Part 3 - Prominence on TV selection services

Recommendation eight: We recommend that the descriptor for prominence is changed from “appropriate” to “significant”.

Government response:

The Government agrees with the Committee on the importance of ensuring that public service content is easily accessible on smart TVs, set-top boxes and streaming sticks. We thank the Committee for their work on this issue over a number of years.

In addition to that core aim of securing prominence for PSB services and content online, the regime must also be flexible, operable and proportionate to allow for design innovation and consumer choice.

Since publication of the draft Bill earlier this year, the Government has looked carefully at whether requiring “significant” prominence would be preferable to requiring “appropriate” prominence, and has met with a wide range of stakeholders on both sides of the debate to interrogate this issue.
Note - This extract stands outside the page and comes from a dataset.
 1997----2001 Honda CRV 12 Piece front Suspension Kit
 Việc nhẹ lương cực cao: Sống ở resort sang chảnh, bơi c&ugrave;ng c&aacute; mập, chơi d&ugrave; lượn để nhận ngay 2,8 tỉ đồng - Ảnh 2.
In its report, the Committee notes that “interfaces on smart TVs, streaming sticks and set-top boxes are very different to Electronic Programming Guides”. The Government agrees, and it is for precisely that reason that we think the word “appropriate”, with further detail to be set out in a Code of Practice (consulted on by Ofcom), strikes the right balance between ensuring public service content is easy to find, and providing flexibility across different user interfaces. By contrast, requiring “significant” prominence (even when such prominence may be inappropriate) raises clear operability concerns. It would be at odds with the existing linear prominence regime (which refers to “appropriate” prominence3) and too inflexible, for example, to account for regional variation, which the Committee rightly notes elsewhere in its report is crucial for STV and S4C. Ofcom, who will be enforcing the new prominence framework, told the Committee that “appropriate” works well from an enforcement perspective, and aligns with their approach to enforcement under the existing linear EPG prominence regime.4

The Government also notes that there is not necessarily a consensus on this issue amongst the PSBs. ITV in their written evidence questioned if there is a difference between them since “significant prominence could be appropriate and appropriate prominence could be significant”.5 This highlights the complexity of this issue.

The Government has therefore decided not to change from “appropriate” to “significant”. We have however taken the opportunity to provide additional clarity around the agreement objectives (recommendation eleven, below) to ensure both PSBs and TV platforms are able to negotiate effectively and reach appropriate arrangements which look to support the sustainability of PSB.

Recommendation nine: We recommend that the Bill should allow Ofcom to de-designate legacy devices so that they are no longer subject to the provisions on prominence.

Government response:

A key objective of the new online prominence regime is to approach regulation proportionately and flexibly to ensure it is adaptable for the future.

The draft Bill as published in March included provisions to allow the Secretary of State to designate and de-designate television selection services, following advice from Ofcom. However, the Government accepts the need for further assurances in relation to legacy devices (older devices which are no longer sold and/or supported by providers). It is not our intention to impose duties on either PSBs or platforms that cannot feasibly fulfil them.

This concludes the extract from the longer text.